Davy Russell will once again be in the saddle -- trainer Gordon Elliott contributes an astonishing 13 of the 40 runners -- and is a hot favourite to become the first horse since Red Rum in 1973/74 to win the world's greatest steeplechase on successive occasions.
The annihilation of a classy field in the Cross Country race at Cheltenham last month suggested it will take a monumental performance to prevent him from doing so.
Russell credited Tiger Roll for being lion-hearted -- his owner the never shy Michael O'Leary responsible for labelling him a "little rat of a thing" -- but the 39-year-old jockey has sent out mixed signals as to whether he can pull off the feat.
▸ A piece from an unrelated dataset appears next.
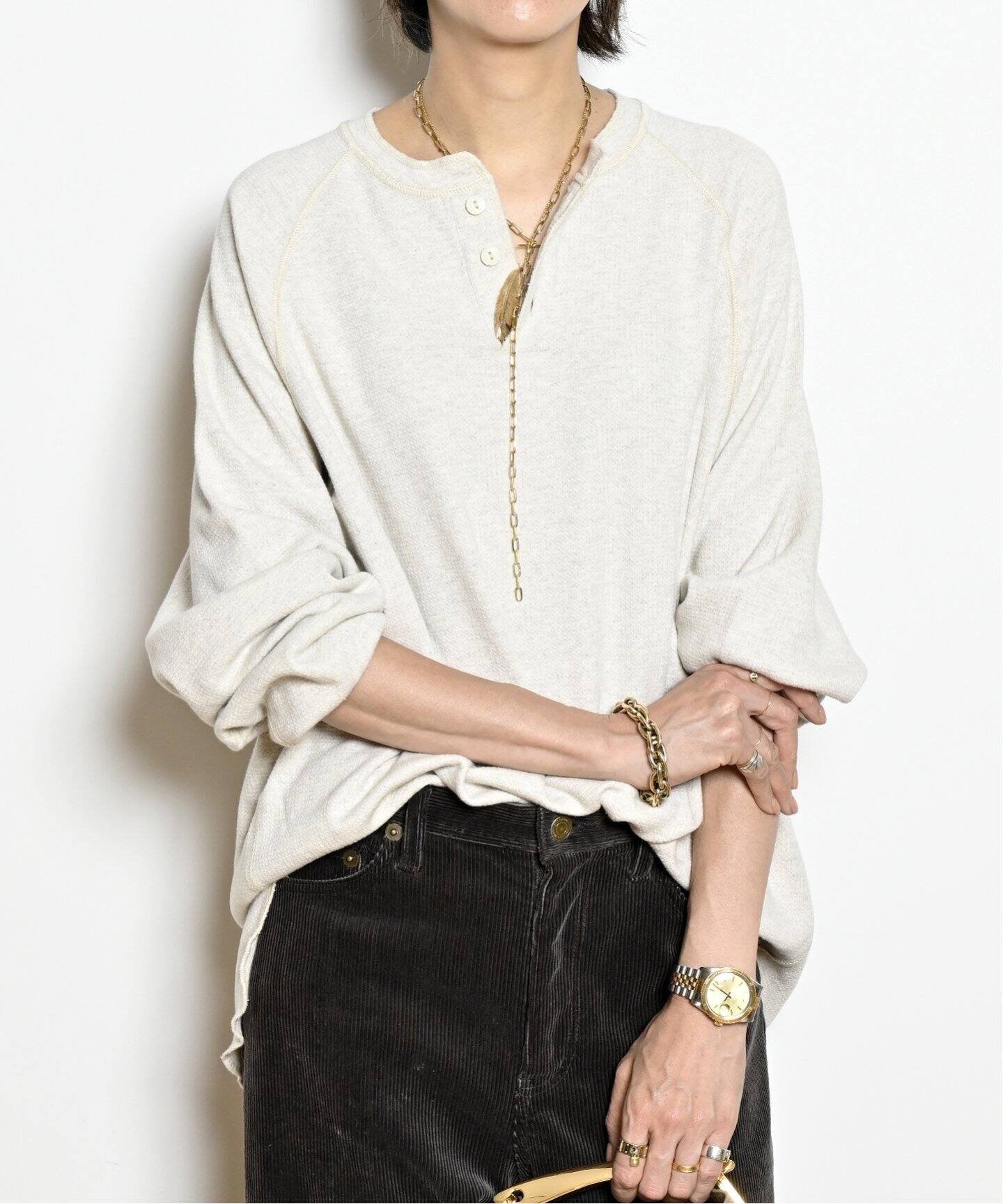 REMI RELIEF/レミレリーフ】 HENLY L/S Tシャツ（Tシャツ／カットソー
"We all know that it is virtually impossible," said Russell.
"You need an extraordinary horse to do that."
However, he added a caveat.
"He is probably the type of horse who could because he does not over-exert himself through the season."
Nevertheless, even if he does cross the line in front those who grew up on the Red Rum legend -- such as Donald McCain the son of 'Rummie's' trainer Ginger -- will not be mentioning him in the same breath.
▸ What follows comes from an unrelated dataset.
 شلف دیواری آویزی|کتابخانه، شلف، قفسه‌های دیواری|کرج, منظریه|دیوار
"I think Tiger Roll has a great chance of winning another National," said McCain, who trained a National winner himself in Ballabriggs in 2011.
"But in regards of emulating Red Rum, and I know I'm a little bit biased, that ship has sailed."
Tiger Roll will come across some familiar faces when they line-up at 1615 GMT on Saturday including Pleasant Company, the horse that rallied to almost deny him last year.
He is one of four runners from Elliott's great rival Willie Mullins's yard, with Rathvinden being the preferred pick of his number one jockey Ruby Walsh.
"He's a safe jumper who stays -- but he's won over shorter, so he's got pace," Walsh told Racing TV.
"He ticks a lot of boxes -- but you still need a lot of luck," added Walsh, whose second and last victory in the race was on Mullins's Hedgehunter in 2005.
Bless The Wings and Anibale Fly, third and fourth last year completing an Irish sweep of the podium, are also back but the former, doughty performer though he is, at 14 age is against him.
Anibale Fly carries top weight but comes into the race with an excellent second in the blue riband of jump racing the Cheltenham Gold Cup.
With Bryony Frost out of action with a broken collarbone hopes of a first win for a woman jockey lie with Lizzie Kelly on Tea For Two -- whose form has soured -- and top Irish rider Rachael Blackmore on outsider Valseur Lido who finished eighth last year.
The chances are more likely a woman trainer will be popping the champagne with Lucinda Russell hoping One For Arthur can repeat his heroics from 2017 although his form has not been eye-catching this term.
Sue Smith has also tasted National glory with Auroras Encore in 2013 and runs Vintage Clouds who would give former Blackpool Tower owner Trevor Hemmings a record fourth win in the race.
Irish training great Jessica Harrington has waited a long time and aged 72 fields her first ever runner in Magic Of Light but it is Wales-based Rebecca Curtis who could come out on top with last year's Scottish Grand National winner Joe Farrell.
He only just scraped into the field on Thursday but has been well backed.
"It would be some fairy-tale if he wins, having not been sure he was even going to get in," said Curtis.
The real fairy-tale, though, would be if either legendary trainer Nicky Henderson (Valtor) or champion jockey Richard Johnson (Rock The Kasbah is a record 21st ride for him) finally win the National.
"It would mean a heck of a lot," Henderson told AFP.